Biofuels do more harm than good, UN warns
Growing crops to make “green” biofuel harms the environment and drives up food prices, admits the United Nations
The United Nations will officially warn that growing crops to make “green” biofuel harms the environment and drives up food prices, The Telegraph can disclose.
A leaked draft of a UN report condemns the widespread use of biofuels made from crops as a replacement for petrol and diesel. It says that biofuels, rather than combating the effects of global warming, could make them worse.
The draft report represents a dramatic about-turn for the UN’s Intergovernmental Panel on Climate Change (IPCC).
Its previous assessment on climate change, in 2007, was widely condemned by environmentalists for giving the green light to large-scale biofuel production. The latest report instead puts pressure on world leaders to scrap policies promoting the use of biofuel for transport.
The summary for policymakers states: “Increasing bioenergy crop cultivation poses risks to ecosystems and biodiversity.”
The report into the impact of man-made climate change is the most authoritative of its kind.
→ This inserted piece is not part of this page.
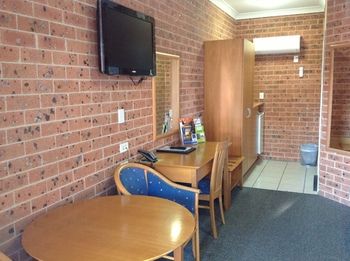 Akuna Motor Inn And Apartments - Brisbane 4u 2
For the first time, it considered the impact of biofuels on the environment.
Biofuels were once billed as the green alternative to fossil fuels, but environmental campaigners have voiced concern about them for some time.
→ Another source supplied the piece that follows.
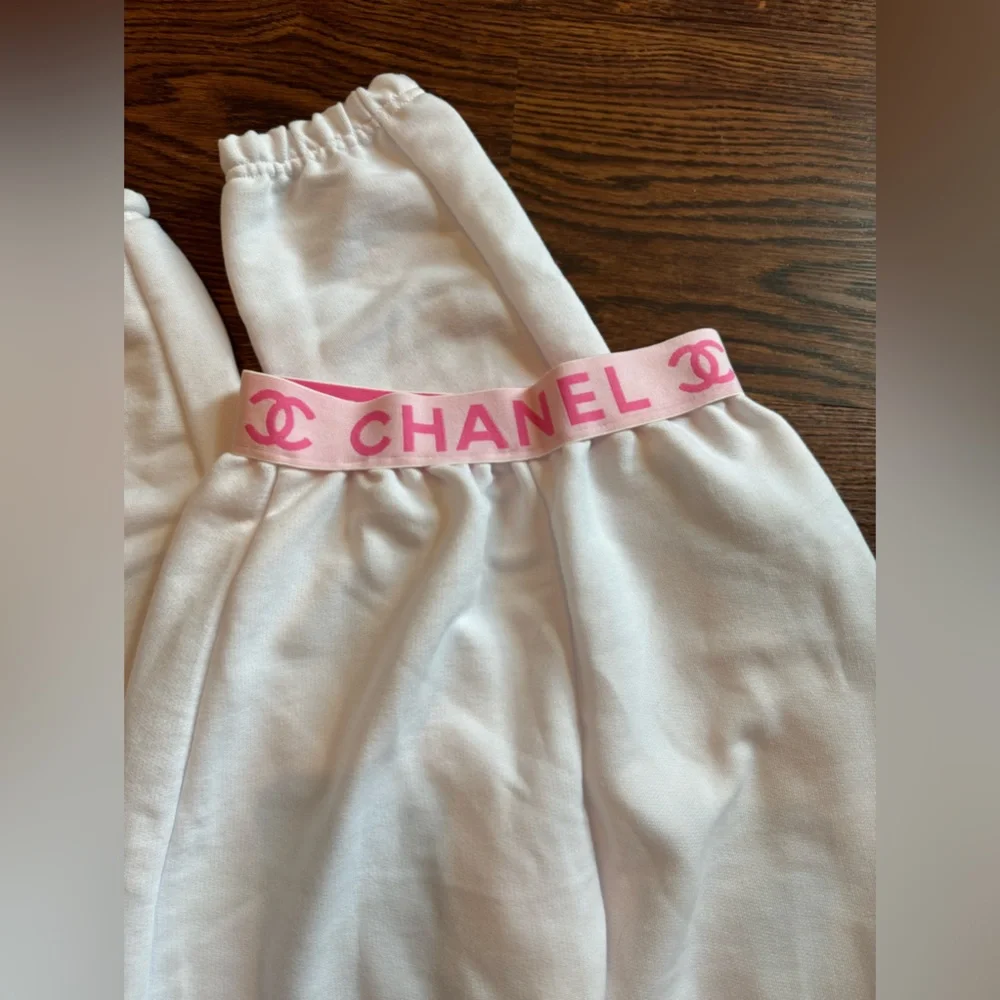 Prettylittlething sweatpants - Picture 3 of 3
They note that growing biofuel crops on a large scale requires either the conversion of agricultural land used for food crops or the destruction of forests to free up land, possibly offsetting any reduction in carbon emissions from the use of biofuels.
Other concerns include increased stress on water supplies and rising corn prices as a result of increased demand for the crop, which is fermented to produce biofuel.
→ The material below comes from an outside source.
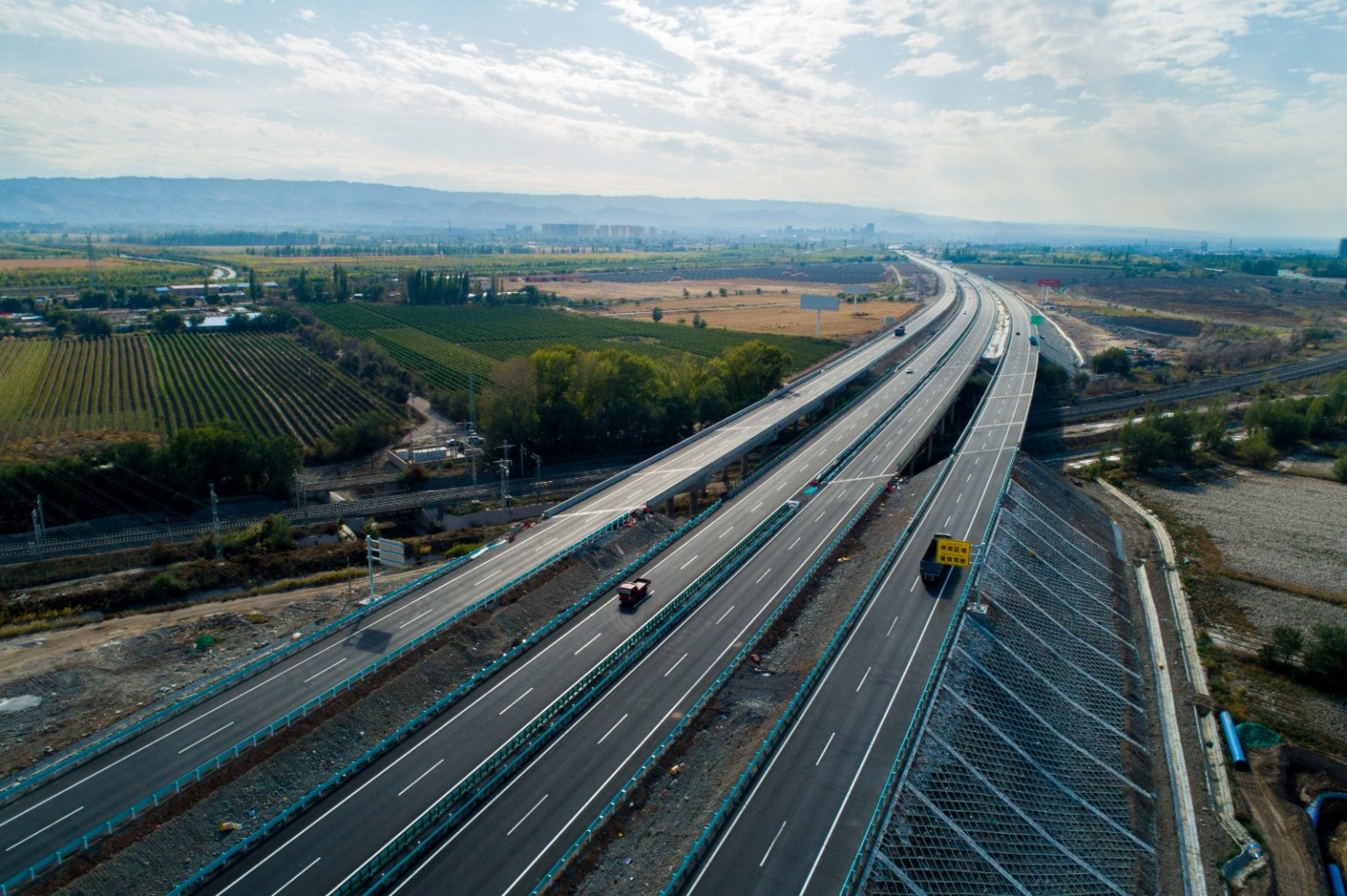 Сарапшы: Шыңжаң – Еуразияның жаңа алтын дәлізі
Bioethanol, made from corn and sugar cane, can be used as a substitute for petrol, while biodiesel, made from rapeseed, sunflower or palm oil, is an alternative to diesel.
A European Union directive set a target for biofuels used in transport to double to 10 per cent by 2020, although it has limited the amount from food crops to 5 per cent.
Around 5 per cent of fuel sold in the UK comes from biodiesel. The latest Department for Transport figures show 1.33 billion litres were consumed here for the 12 months to April 2013. The IPCC report appears to recognise environmentalists’ concerns. It states: “If production [of biofuels] is not carefully managed, biofuel feedstocks can displace land for food cropping or natural, unmanaged ecosystems.”
Referring in part to deforestation, it says any benefit of biofuel production on carbon emissions “may be offset partly or entirely for decades or centuries by emissions from the resulting indirect land-use changes”. On biofuel production from corn, it adds: “Resulting increases in demand for corn contribute to higher corn prices and may indirectly increase incidence of malnutrition in vulnerable populations.”
An IPCC spokesman said she could not comment until the final report is published on March 31.